2006年12月号掲載
歪曲報道 巨大メディアの「騙しの手口」
著者紹介
概要
サブタイトルは、「巨大メディアの『騙しの手口』」――。帯には、「あなたは、まだ彼らを信じられますか?」という刺激的なコピーが踊る。大新聞や大テレビ局の報道を、鵜呑みにしてはいけない、というのだ。自ら新聞記者として海外駐在経験も持つ著者が、実際の記事を引用しながら、具体的に問題点を指摘し、日本のジャーナリズムの大いなる欠陥に迫る。
要約
ベタ記事が教える真実
新聞はベタ記事が面白い、といわれる。
ベタとは最小1段見出し記事、ボツ一歩手前の記事を指す。しかし、時に重要記事だが、目立ってほしくないという思いを込めたベタ記事もある。それが、その新聞社の姿勢を鮮明にする場合もあるから、面白いのである。
例えば、以前、北朝鮮の首領の息子が不法入国しようとして捕まった。日本には横田めぐみさんの両親のように、北朝鮮にわが子を拉致された家族がいる。誰だって「めぐみさんらと身柄交換」というアイデアは思い浮かぶだろう。
それで、『産経新聞』は5段見出しでそうした家族の声を載せた。『朝日新聞』も横田めぐみさんの家族らが政府に働きかけたという記事を載せたが、これがベタだった。
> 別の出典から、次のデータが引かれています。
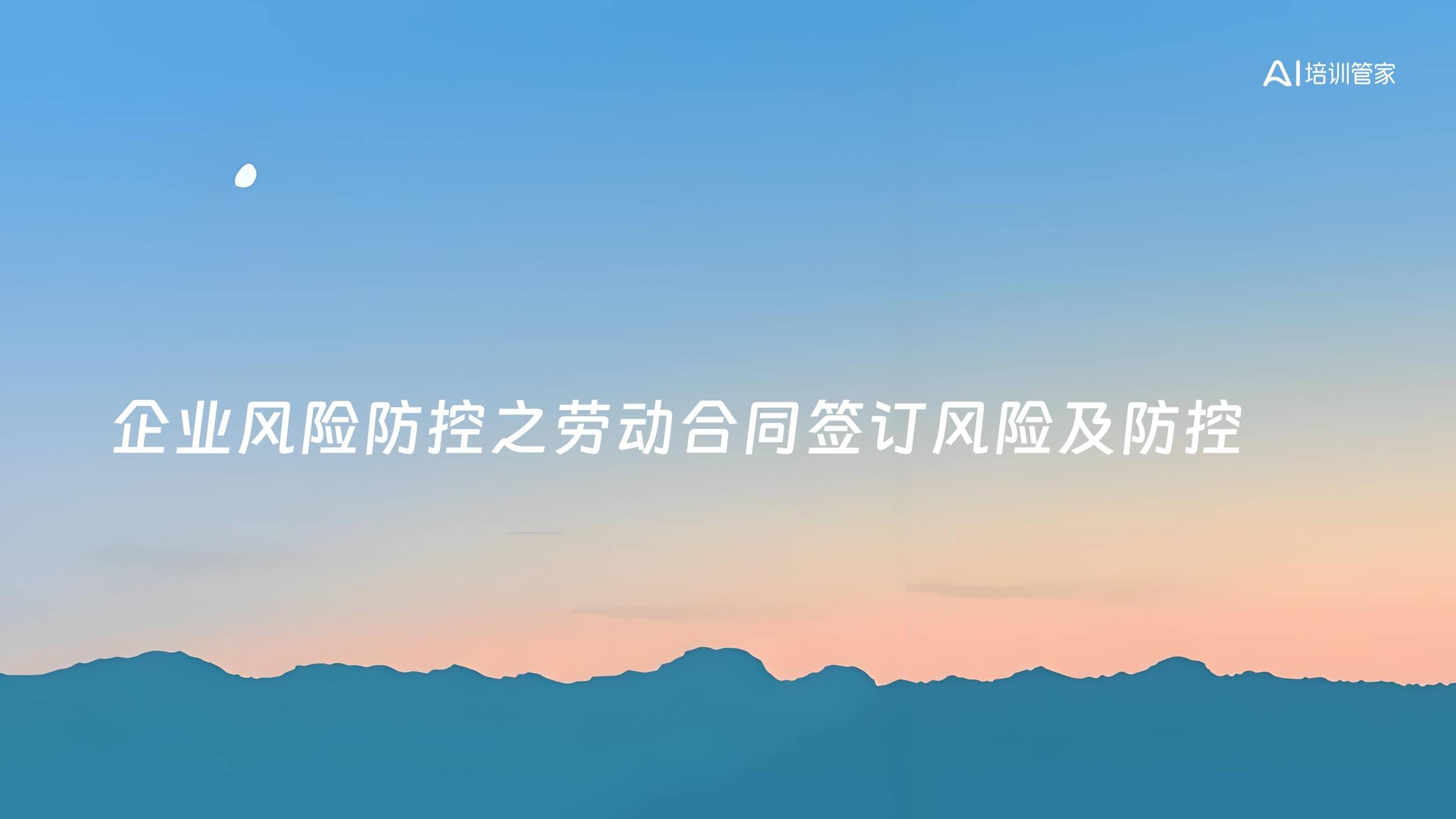 企业风险防控之劳动合同签订风险及防控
同紙は、めぐみさん拉致の証言が飛び出した時も、2カ月近くそれを報じなかった。今回も載せたくない、でもそう露骨にもできないから、という心情がそのベタ扱いに滲んでいた。
まさにベタの面白さだが、「フォード社販売禁止を申し立て/ベネズエラ」というベタ記事は、別の意味で考えさせられた。
発端は2000年夏。フォード社のSUV、エクスプローラが走行中、タイヤが剥離パンクして横転、全米で88人が、南米ベネズエラでも35人が死亡していることが判明した。
フォード社はいち早く「原因はファイアストン社のタイヤの欠陥だ」と指摘。ファイアストン社はそうした非難に納得はしなかったが、事は人命に関わる。まずは、タイヤを自主的にリコールした。日系企業らしい誠意の示し方だった。
同社は、米議会の公聴会でも日本的対応を取った。フォード社が一方的に「タイヤ欠陥が事故原因」と主張したのに対して、ファイアストン社の小野会長はまず、事故で死傷した人々へ謝罪した。
その上でタイヤの欠陥を否定し、フォード社がエクスプローラ装着のタイヤに限って15%も低い空気圧を指示していたこと、同じタイヤを装着した別車種では剥離がなかったことを主張した。
だが、「ごめんなさい」で始まった小野会長の発言は、自ら非を認めたと取られ、翌日の米主要紙は日本企業への非難一色でうずめられた。